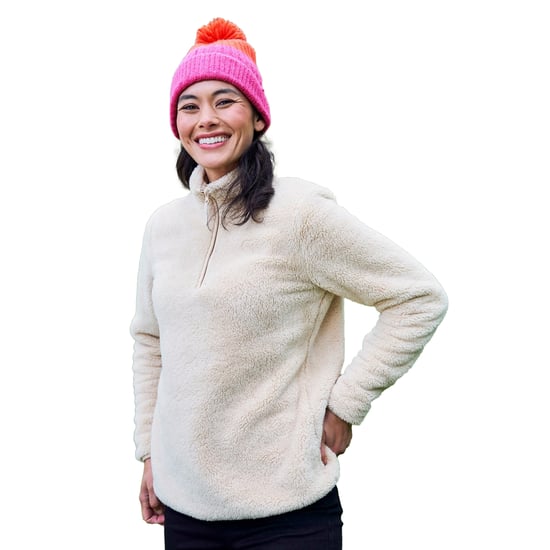 Mountain Warehouse Dames/Dames Teddy Fleece Quarter Zip Fleece Top (Beige) - Image 5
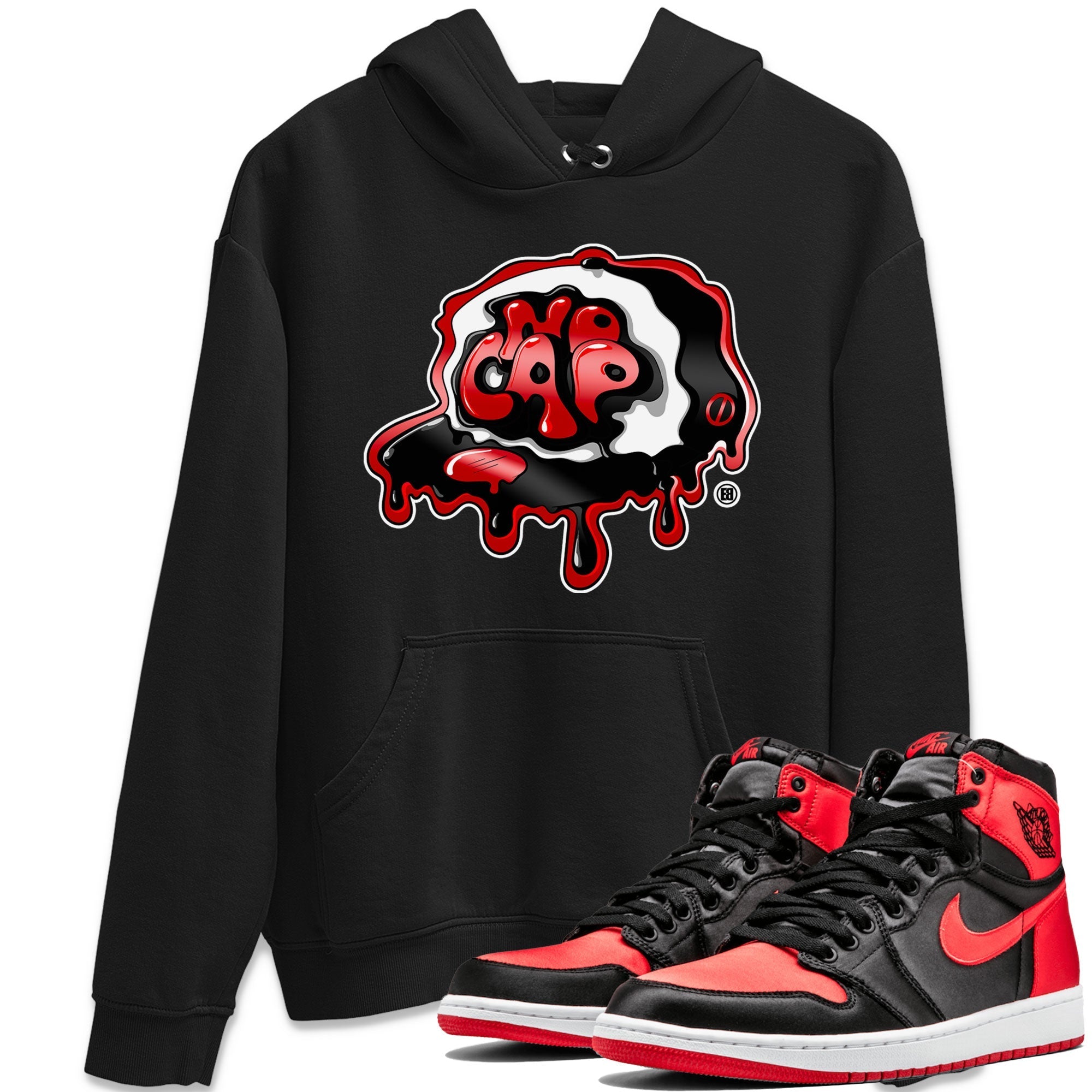 Air Jordan 1 Retro High OG Satin Bred shirt to match jordans No Cap Streetwear Sneaker Shirt Air Jordan 1 Satin Bred Drip Gear Zone Sneaker Matching Clothing Casual Unisex shirts Black 1 T-Shirt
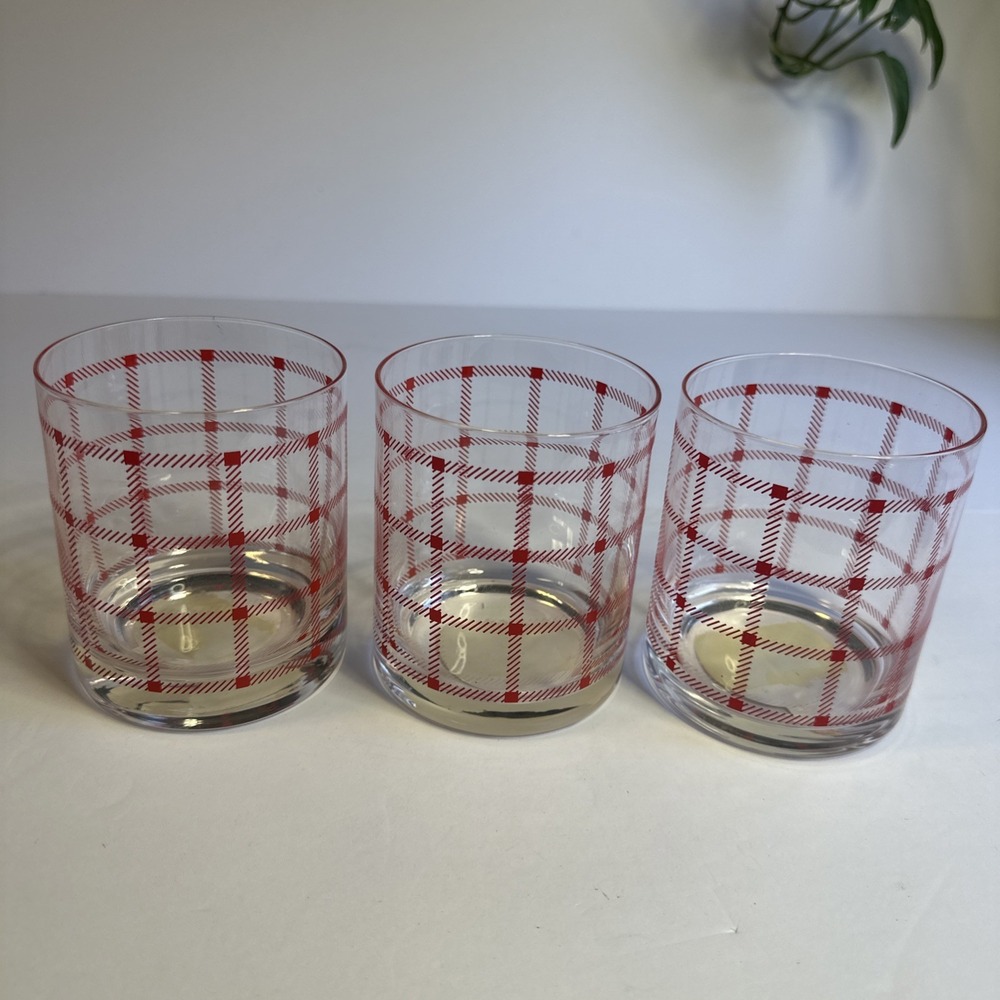 Set of 3 Celebrate It Christmas Party Tumblers Goblet Glasses 14 Fl. Oz. 414 ml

_ _ _ _

■ ABOUT THIS TASK ■
Everything in the listing is to be returned word for word, except the pictures.

■ RESULT FOR THIS TASK ■
 Mountain Warehouse Dames/Dames Teddy Fleece Quarter Zip Fleece Top (Beige) - Image 5
 Air Jordan 1 Retro High OG Satin Bred shirt to match jordans No Cap Streetwear Sneaker Shirt Air Jordan 1 Satin Bred Drip Gear Zone Sneaker Matching Clothing Casual Unisex shirts Black 1 T-Shirt
 Set of 3 Celebrate It Christmas Party Tumblers Goblet Glasses 14 Fl. Oz. 414 ml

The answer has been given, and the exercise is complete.